§ AIM OF THE TASK: In the entries that follow, the first line to write out is the one containing "SPORTNOW Standboxsack mit", and the last is the one containing "Modern Floor Reading". Reproduce that stretch exactly, with nothing before or after it.
─── RECORDS FOR THIS EXERCISE
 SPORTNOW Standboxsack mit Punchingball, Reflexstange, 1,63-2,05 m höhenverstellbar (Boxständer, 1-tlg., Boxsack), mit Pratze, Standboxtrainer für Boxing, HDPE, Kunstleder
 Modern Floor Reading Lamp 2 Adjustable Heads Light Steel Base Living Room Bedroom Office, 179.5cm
──────
─── RECORDS FOR THIS EXERCISE
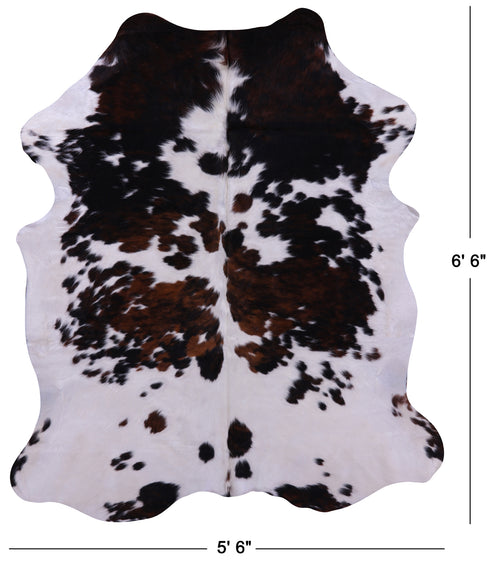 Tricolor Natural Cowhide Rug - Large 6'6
──────
§ ANSWER TO THE PROBLEM:
 SPORTNOW Standboxsack mit Punchingball, Reflexstange, 1,63-2,05 m höhenverstellbar (Boxständer, 1-tlg., Boxsack), mit Pratze, Standboxtrainer für Boxing, HDPE, Kunstleder
 Modern Floor Reading Lamp 2 Adjustable Heads Light Steel Base Living Room Bedroom Office, 179.5cm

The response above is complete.